The very issues that Markets For Change, the Bob Brown Foundation and the Tasmanian Conservation Trust documented and took FSC auditors to see in the field are those that have been identified as the key impediments to Forestry Tasmania achieving FSC certification, revealed today in a Government Business Enterprises Estimates Committee hearing in Hobart.
Forestry Tasmania has not gained FSC certification due to their ongoing clearfelling of old growth forests, logging of threatened species habitat including that of the Swift Parrot, and failing to identify high conservation values.
“Markets for Change, Bob Brown Foundation and Tasmanian Conservation Trust surveyed and documented the scientific and technical shortcomings of Forestry Tasmania’s logging when measured against the FSC standard for forest management and identified to the auditors the exact failings outlined to MPs by Managing Director Bob Annells,” said Jenny Weber, Campaign Manager of the Bob Brown Foundation.
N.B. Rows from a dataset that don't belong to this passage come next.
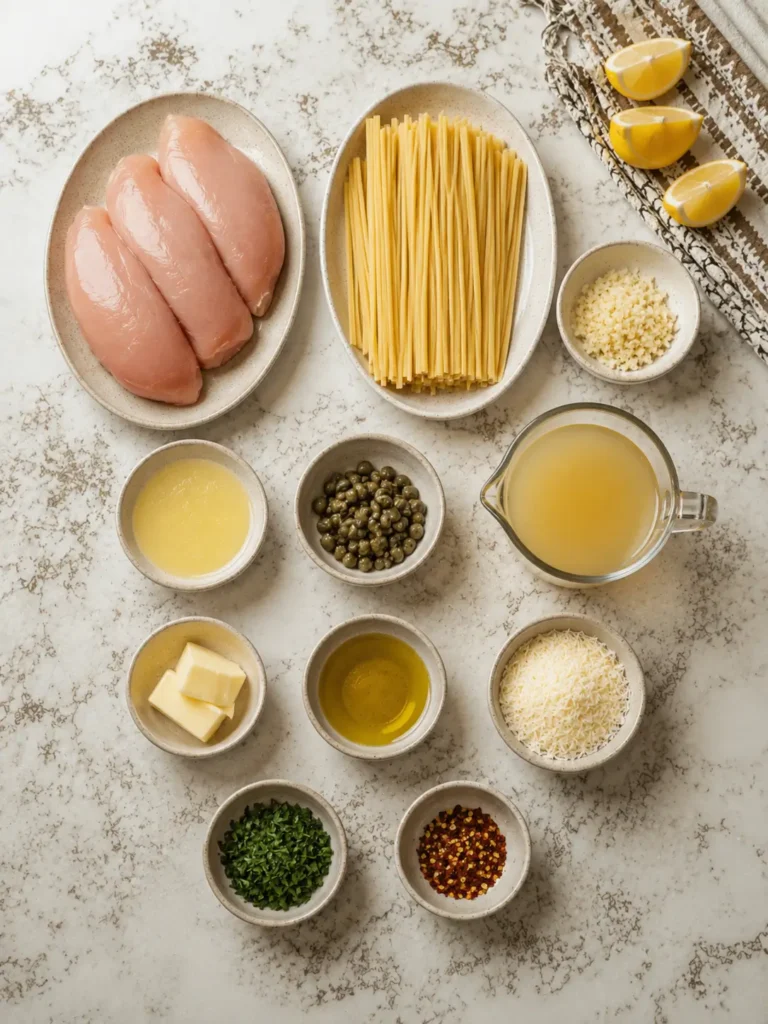 Delicious Chicken Piccata Pasta with lemon, capers, and juicy chicken in buttery sauce.
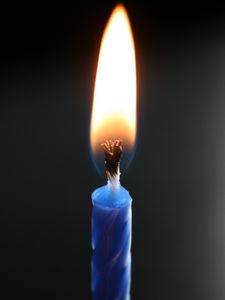 Preview wallpaper candle, wick, fire, wax, blue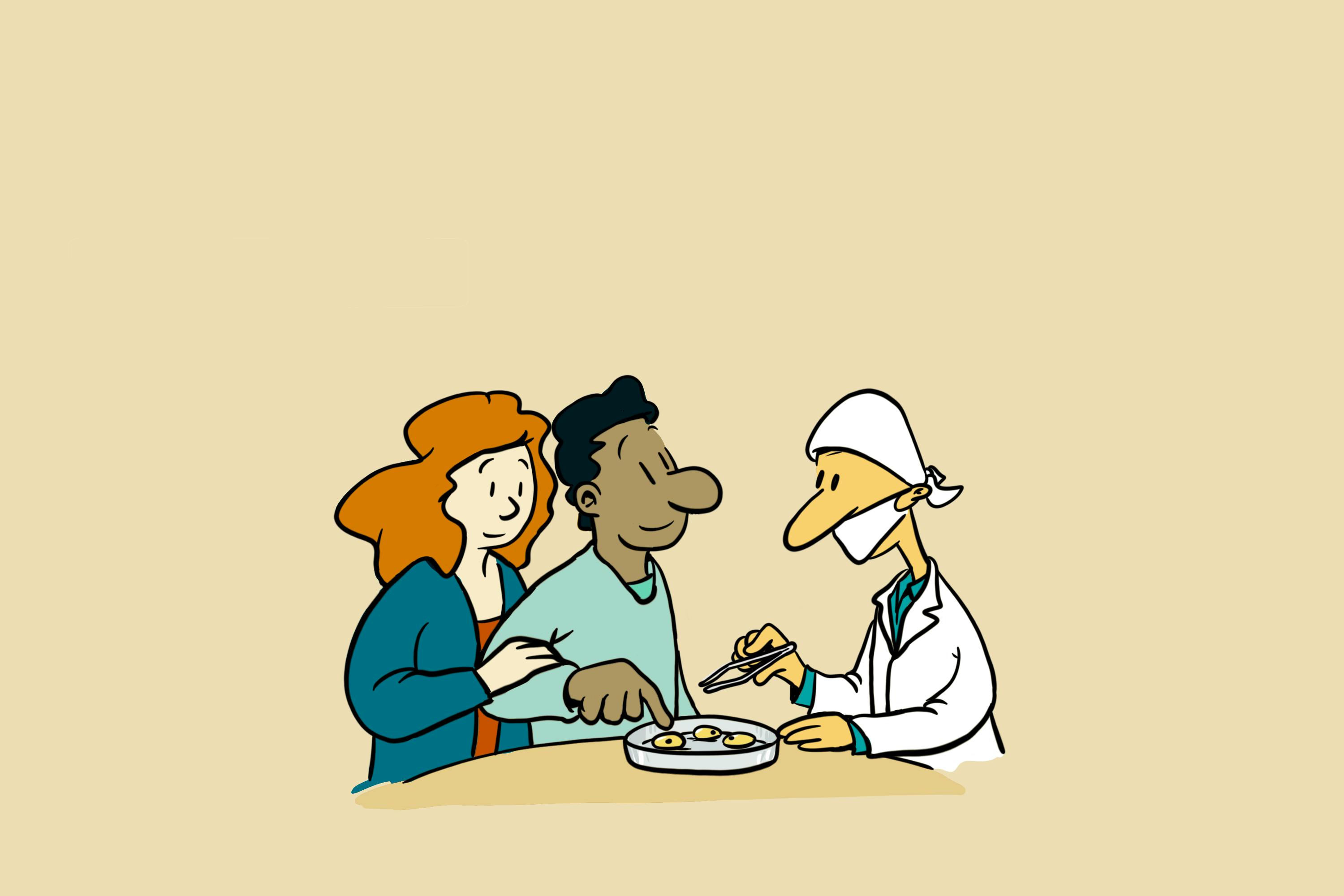 Echtpaar, medicus en petrischaaltje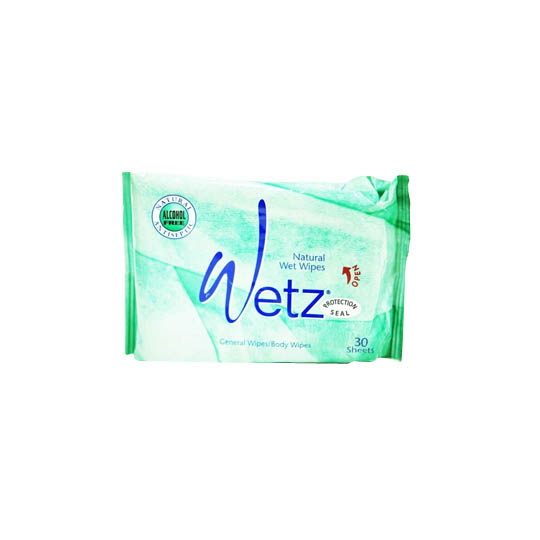 WETZ NATURAL WET WIPES GREEN TEA 30 SHEETS WETZ NATURAL WET WIPES GREEN TEA 30 SHEETS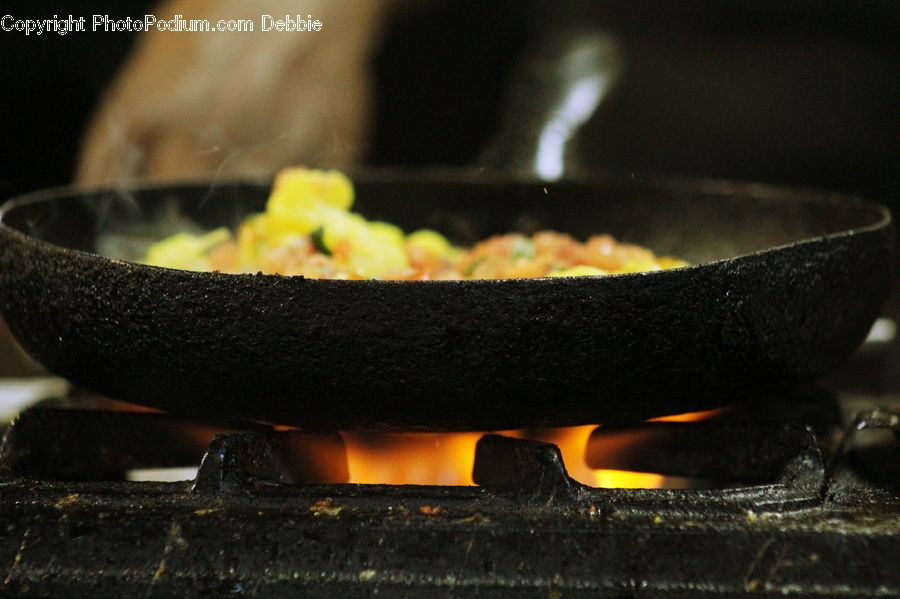 Frying Pan, Wok, Bbq, Food, Fire, Bowl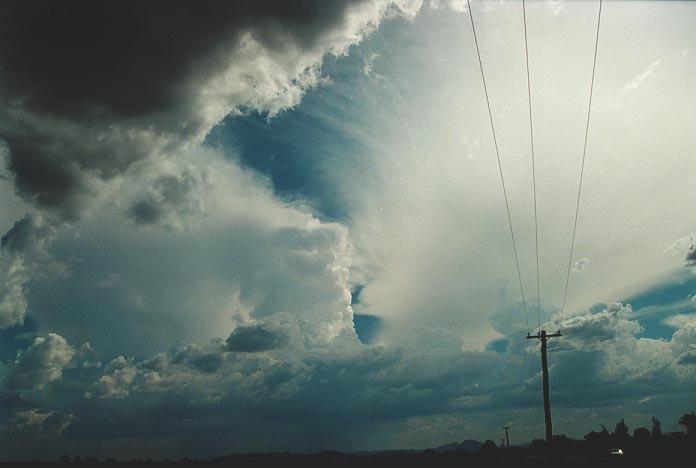 anvil thunderstorm_anvils : W of Gunnedah, NSW   28 November 2000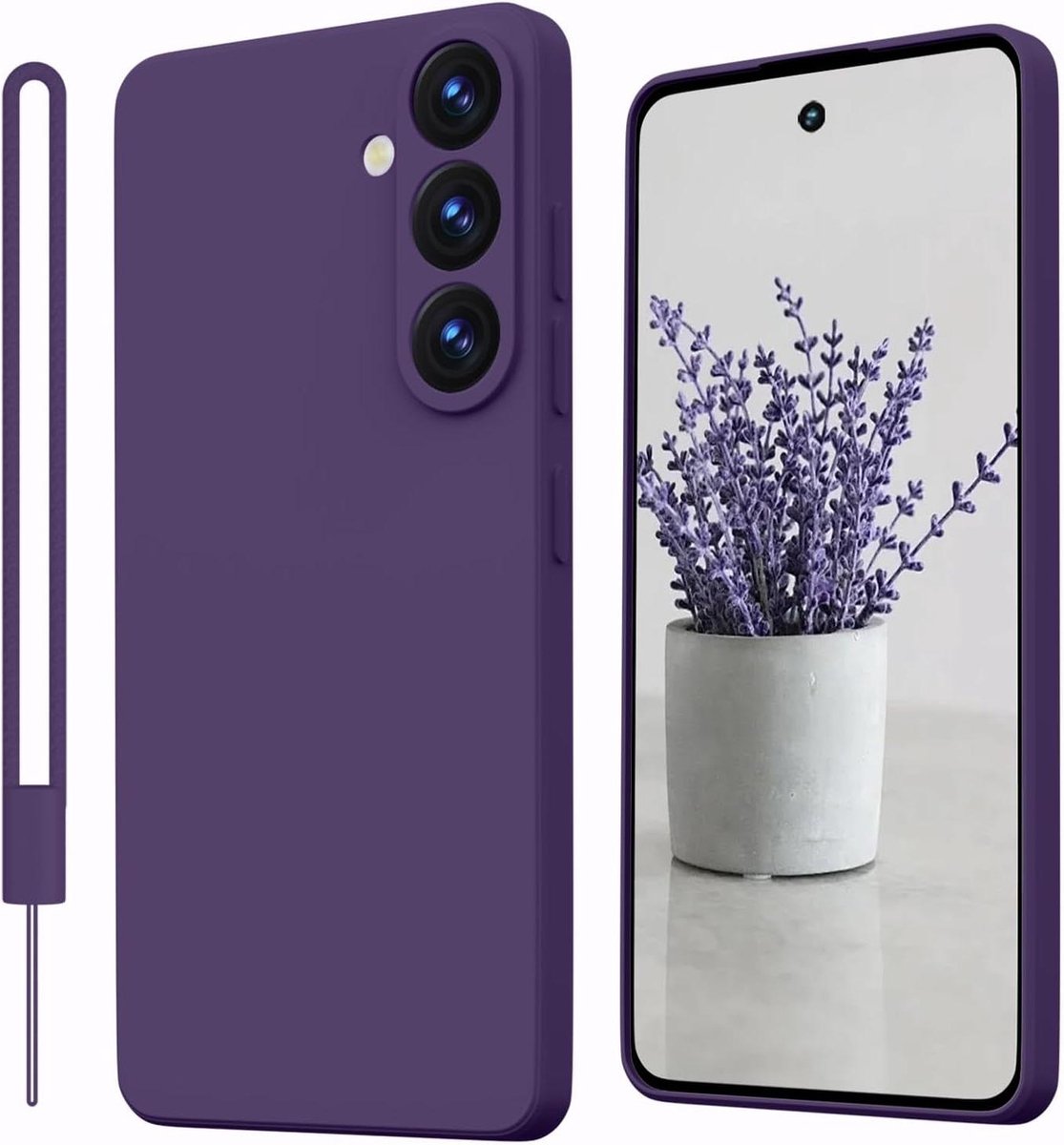Allecto Plus - Siliconen hoesje met koord en microvezel voering voor Samsung Galaxy A56 - Dunne bescherming rondom - Stootvaste en krasbestendige telefoonhoes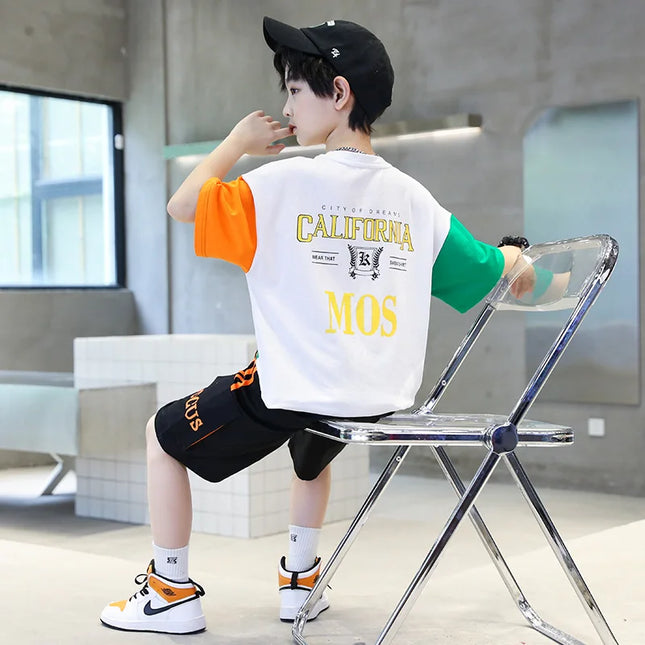 2025 summer Teenager Boys Clothes Casual Outfit Kids Tracksuit Child t shirt + shorts hot pant 4 5 6 7 8 9 10 12 11 13 14 Year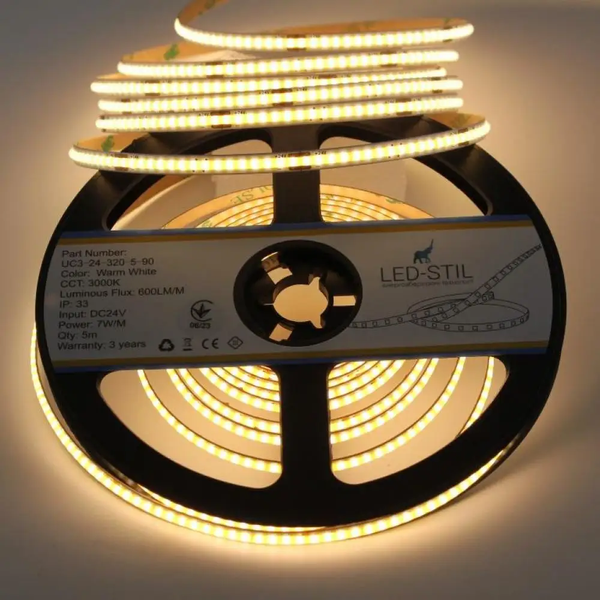 Світлодіодна стрічка LED-STIL 3000K 7 Вт/м COB 320 діодів IP33 24 Вольта 600 Lm тепле світло, вузька UC3-24-320-5-90 фото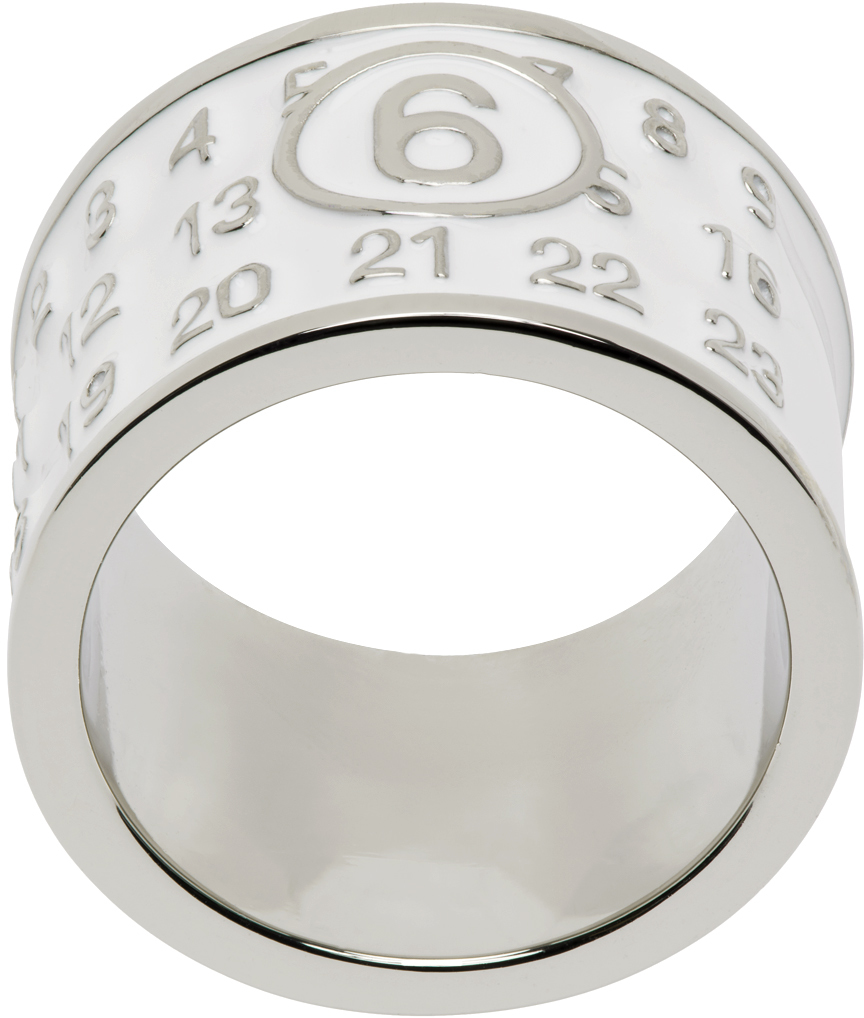 Mm6 Maison Margiela Silver & White Wide Logo Ring In 963 White/polis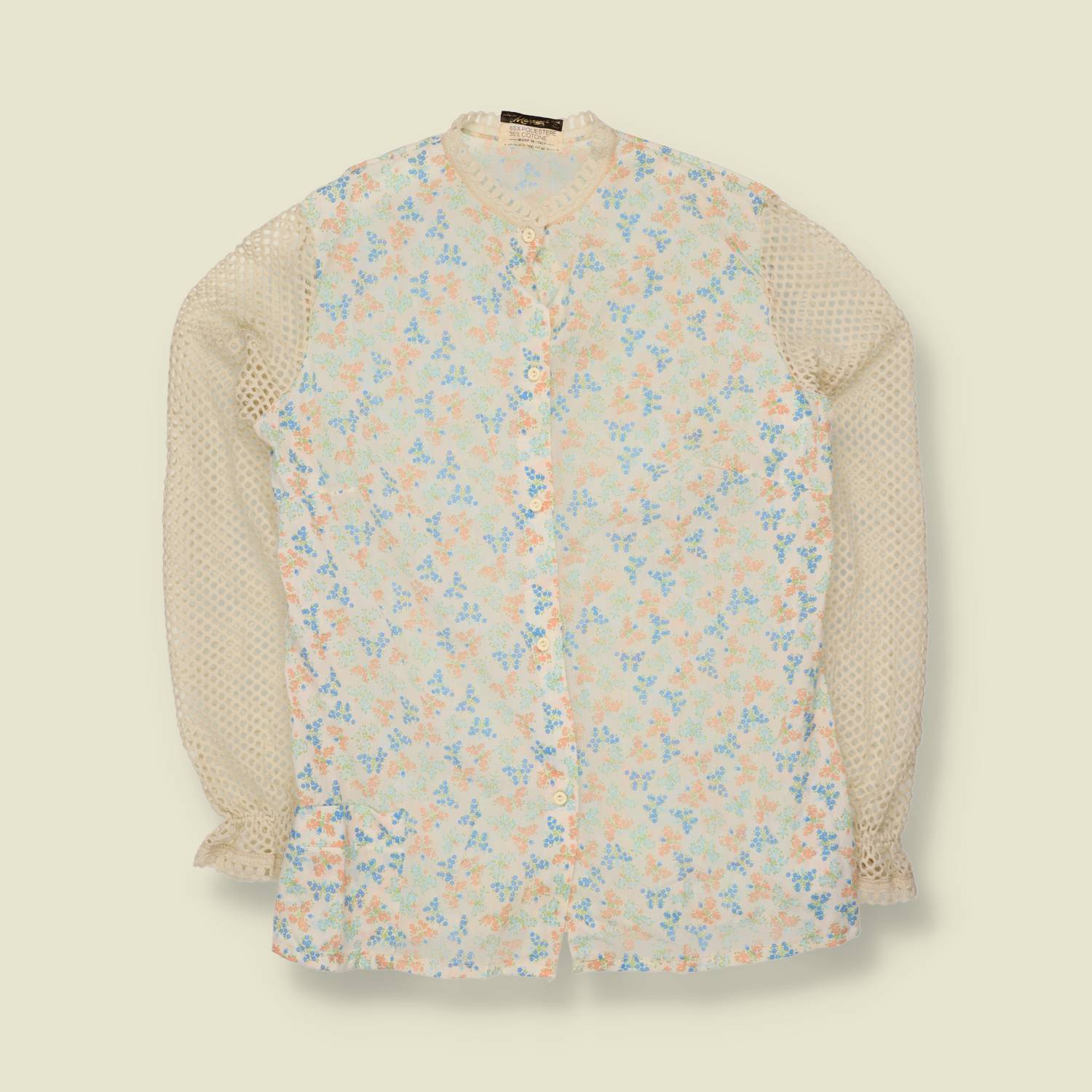 1970s | Made In Italy | Crochet Sleeve Top | Cream Floral - 14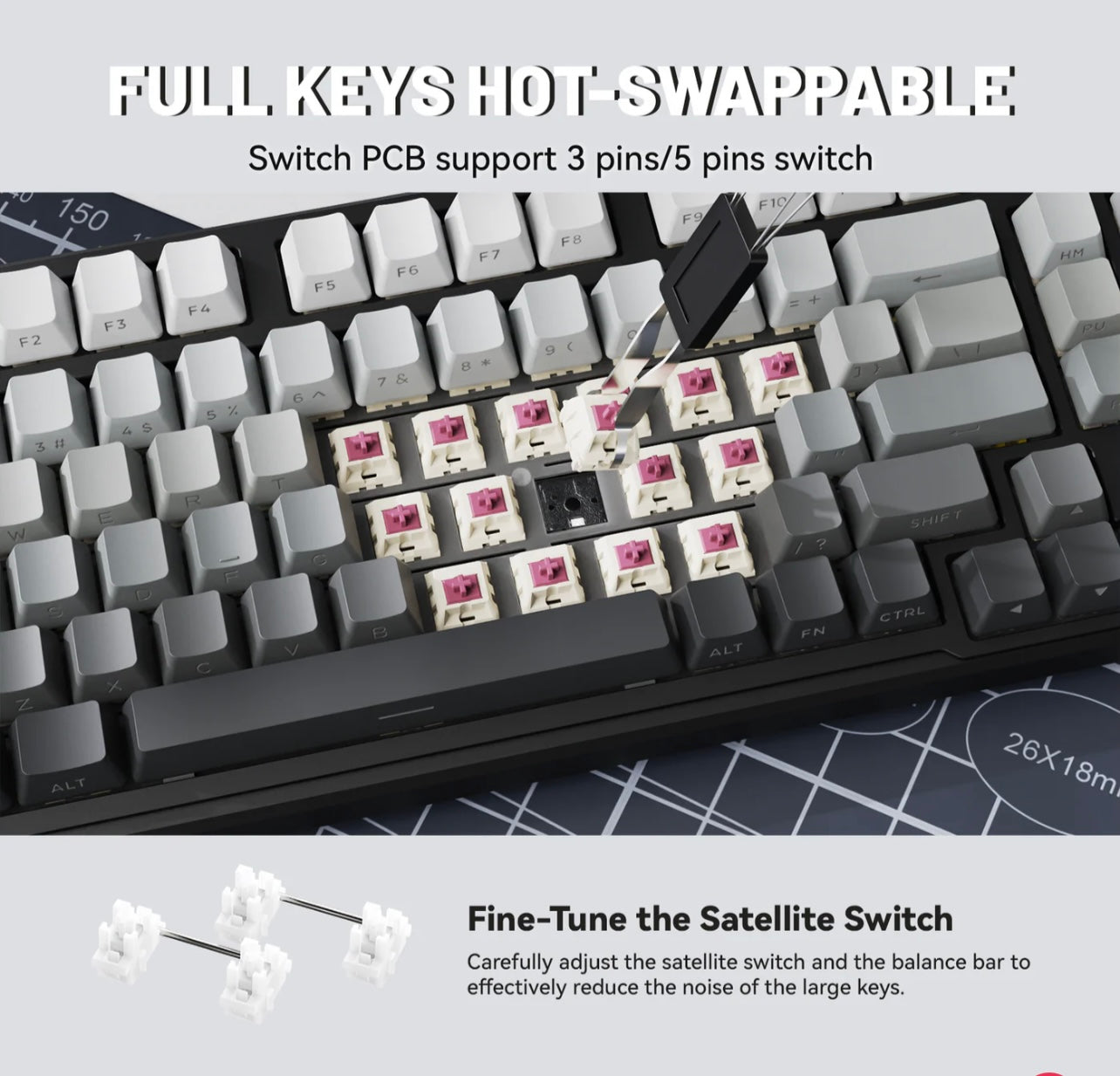 ATTACK SHARK X98 Full-size Wireless Mechanical Keyboard
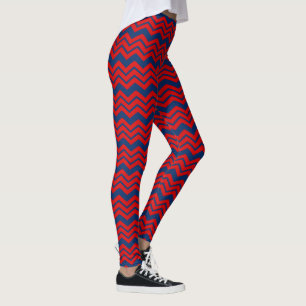 Blauw en rood chevronpatroonontwerp leggings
“In Tasmania we have logging of habitat of critically endangered species Swift Parrot, endangered species Wedge Tailed Eagles, Tasmanian Masked Owl, and Tasmanian Devil as well as the rare and vulnerable Spotted-tail Quoll to name just a small number, and ongoing clearfelling of old growth forests and logging of rainforests. These are not the type of logging operations that deserve accreditation.”
“There is a choice, continue logging threatened species habitat or witness their extinction,” Ms Weber concluded.
“An FSC certificate should not be granted to Forestry Tasmania unless and until Forestry Tasmania meet the criteria, which they still do not,” CEO of Markets for Change Peg Putt said.
“It is a full year since FSC auditors came to Tasmania and quite rapidly told Forestry Tasmania of these major non-conformances, but much change is required and Forestry Tasmania is seeking to limit such changes by imposing limits on action they will take,” Ms Putt explained.
“They insist on prioritising maintenance of wood volumes over protecting threatened species and old growth so as to avoid reduction of logged volumes. This is not an acceptable approach for a modern, environmentally responsible company.”
“Telling the world that they will continue to inflict damage on old growth forests that conflicts with FSC requirements for another six months is not good news, its evidence that Forestry Tasmania is intending to wilfully continue the damage identified as unacceptable a year ago,” Ms Putt concluded.